[Stored items from a collection]

|---|

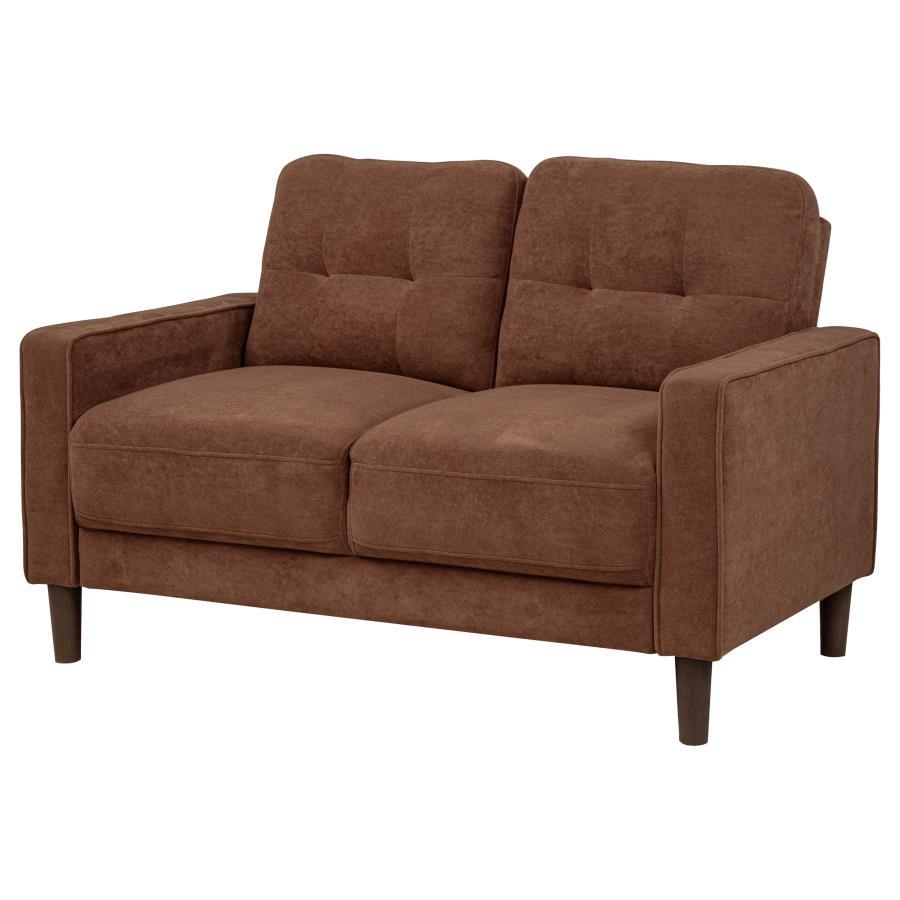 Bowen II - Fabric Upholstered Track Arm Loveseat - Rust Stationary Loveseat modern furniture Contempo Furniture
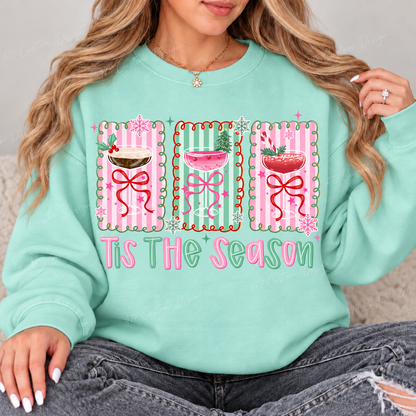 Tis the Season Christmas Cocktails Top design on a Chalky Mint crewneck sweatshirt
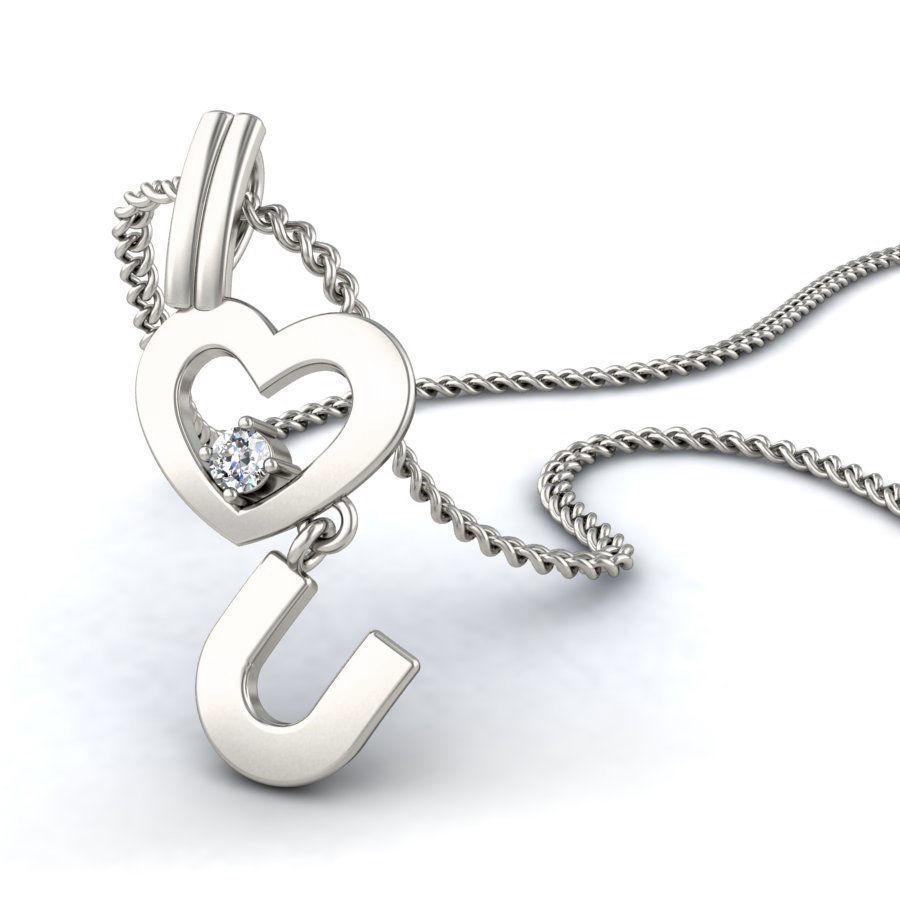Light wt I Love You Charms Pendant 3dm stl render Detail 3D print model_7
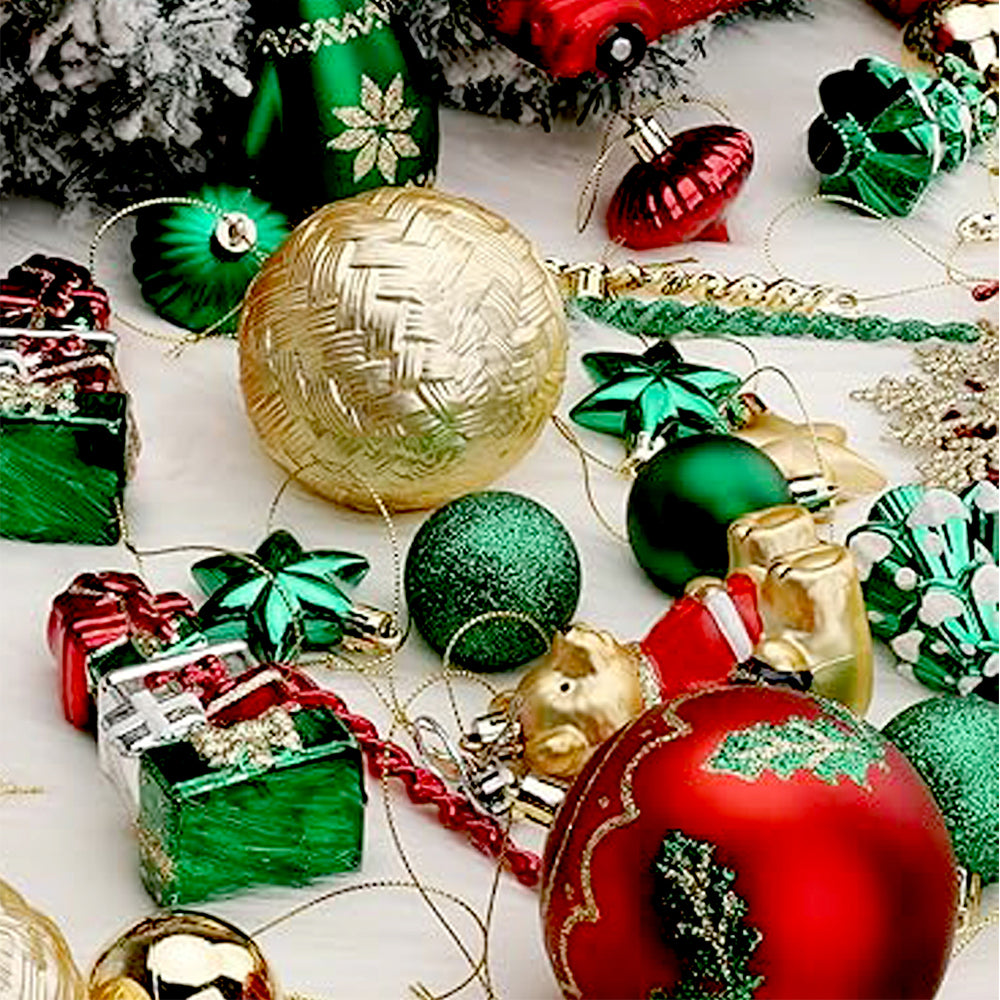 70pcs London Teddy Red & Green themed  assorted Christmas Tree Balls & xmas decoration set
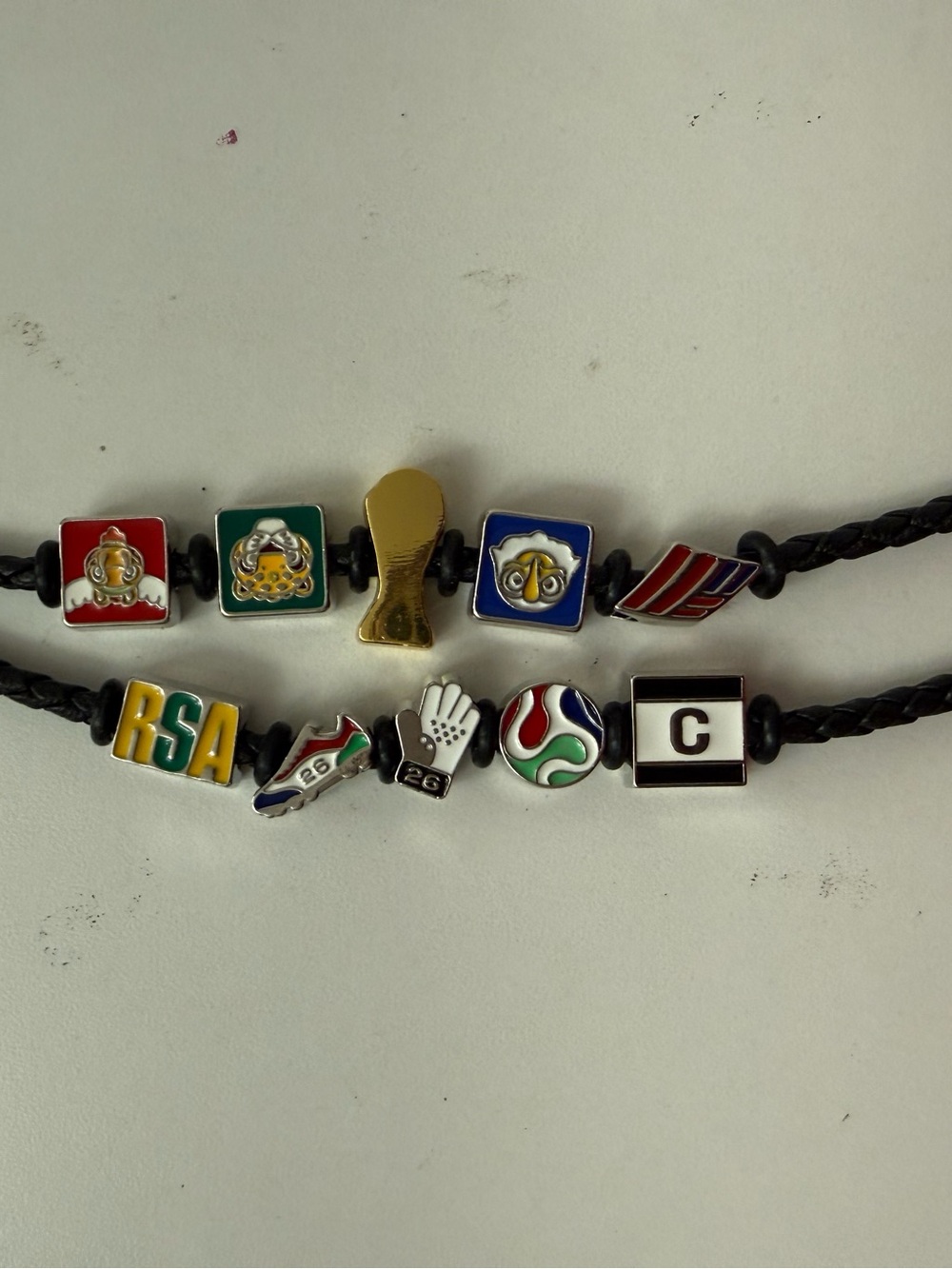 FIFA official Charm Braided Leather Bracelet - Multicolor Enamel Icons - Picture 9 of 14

|---|

— DESCRIPTION OF THE TASK —
Using the data above, print only the lines starting at the one with "Light wt I Love" and ending at the one with "70pcs London Teddy", exactly as they stand, minus the pictures.

— TASK SOLUTION —
Light wt I Love You Charms Pendant 3dm stl render Detail 3D print model_7
 70pcs London Teddy Red & Green themed  assorted Christmas Tree Balls & xmas decoration set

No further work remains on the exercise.